What to work on: The data below should be copied over with complete accuracy.

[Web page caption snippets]
• • • • • • •
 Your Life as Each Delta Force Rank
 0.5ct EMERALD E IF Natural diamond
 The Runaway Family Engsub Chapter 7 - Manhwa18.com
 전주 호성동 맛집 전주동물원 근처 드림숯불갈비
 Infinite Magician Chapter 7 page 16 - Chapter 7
• • • • • • •
Solution to the problem:
 Your Life as Each Delta Force Rank
 0.5ct EMERALD E IF Natural diamond
 The Runaway Family Engsub Chapter 7 - Manhwa18.com
 전주 호성동 맛집 전주동물원 근처 드림숯불갈비
 Infinite Magician Chapter 7 page 16 - Chapter 7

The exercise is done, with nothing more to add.